I guess you are assuming that done of the expensive brands of screws and cleats have ever fallen off? I think not.


----------



## Archer4life (Apr 16, 2013)

Korkers are great. I can cross the shale above the ashpalt plant at 1000 with them. But they are a little heavy. Youll feel it after a day of fishing. Yes you can use sheetmetal screws and its works but they wear down fast. Korker makes nice wading shoes with replaceable cleated soles. Alot lighter. Felt is a nightmare on mud and if you fish in the snow youll be wearing platform shoes after a short distance as the snow sticks to them like glue. As stated by mdog44 studs wont help you too much on mud though.


----------



## ballast (Sep 15, 2011)

Ok, good feedback...my buddy mike has never steered me wrong with the steelhead gear so I'm gona get exactly what he has. Studs n star cleats. The studs are frogg toggs 7$ can't beat that plus my boots are froggs. Star cleats 29$ those will have to wait no extra cash ( Xmas), probably be recovering financially next month too? As for the lost metal in the river....that's kinda extreme, I don't feel I'm killing the ecosystem with a screw head that's just gona rust away.


----------



## ballast (Sep 15, 2011)

http://www.outdoorlife.com/photos/gallery/hunting/2010/05/101-outdoor-tips/?image=43?src=SOC&dom=fb

eco-friendly


----------



## lunker23 (Jun 28, 2013)

"As for the lost metal in the river....that's kinda extreme, I don't feel I'm killing the ecosystem with a screw head that's just gona rust away."
Thanks for proving my point. 

Tight lines.....


----------



## reo (May 22, 2004)

I tie a minimalist type fly that consists of a #6x3/8" sheet metal screw. This can be used in a variety of conditions but in low vis conditions a 3/8x1" machine screw is more effective due to the larger profile. The steel slam them


----------



## kapposgd (Apr 10, 2012)

Ugh, another secret is out. I slay the steel on swung hex head gutter screws!


----------



## fishinnick (Feb 19, 2011)

I use felt bottomed boots with studs. Love them. Much better than plain felt and a LOT better than plain rubber on our slippery Erie tributaries. Highly doubt I'll go any other route. I believe the studs I have are made from Redington........can't remember. My brother has the Simms studs and they work great too. 

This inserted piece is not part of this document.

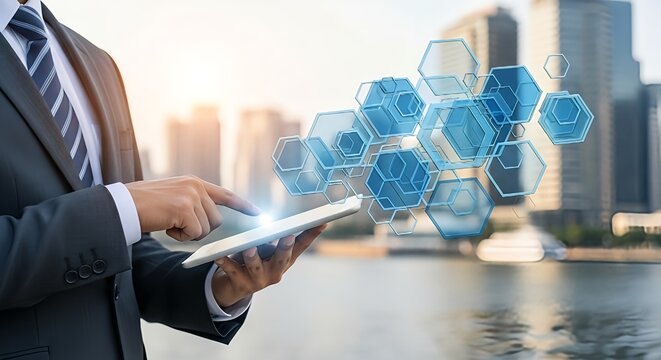 Modern businessman using tablet with futuristic interface for data analysis in a vibrant city setting to elevate your business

For anyone considering Korkers boots, don't get the Redsides. I had a pair and couldn't even squeeze a year out of them. Trashed to the point that they're not even usable as a backup. I guess they're ok if you don't fish much and don't cover a lot of ground...

I have no experience with the more expensive Korkers. I'd imagine they're a lot better/more durable.


----------



## -C-IMP (Apr 25, 2008)

Fish are eating screws and I'm fishing with magnets, or is it maggots ?


----------



## mdogs444 (Aug 29, 2012)

fishinnick said:


> I have no experience with the more expensive Korkers. I'd imagine they're a lot better/more durable.


I use the new Korkers Devil's Canyon boots with interchangeable soles. Currently, I am using the alumatrax soles. They are very light boots, much much lighter than the heavy simms BOA types. I love the BOA's, as they are so easy to put on and take off, but I have had a set break. Easy to fix with a $7.00 universal replacement kit. The only knock on the Devil's Canyon versus the Whitehorse, is the lack of ankle support. The Devil's were made to be very light and agile, where the Whitehorse is made to be more supportive and a little heavier. I'd have preferred something in the middle, but i'm pretty nimble and as long as there are not boulders like on Penn's Creek (PA), then no issues.

I had last years Chrome version, which were very comfortable and light, but the toe section started to come unglued from the sole after about 6 months of heavy use. I contacted Korker's via phone, and they were awesome. They had me take the bad set of boots, cut the tongue out with a pair of scissors and email the picture directly to the rep. They mailed me a brand new pair of the newest model, no question asked, same day.


----------



## smath (Nov 20, 2013)

mdogs444 said:


> I had last years Chrome version, which were very comfortable and light, but the toe section started to come unglued from the sole after about 6 months of heavy use. I contacted Korker's via phone, and they were awesome. They had me take the bad set of boots, cut the tongue out with a pair of scissors and email the picture directly to the rep. They mailed me a brand new pair of the newest model, no question asked, same day.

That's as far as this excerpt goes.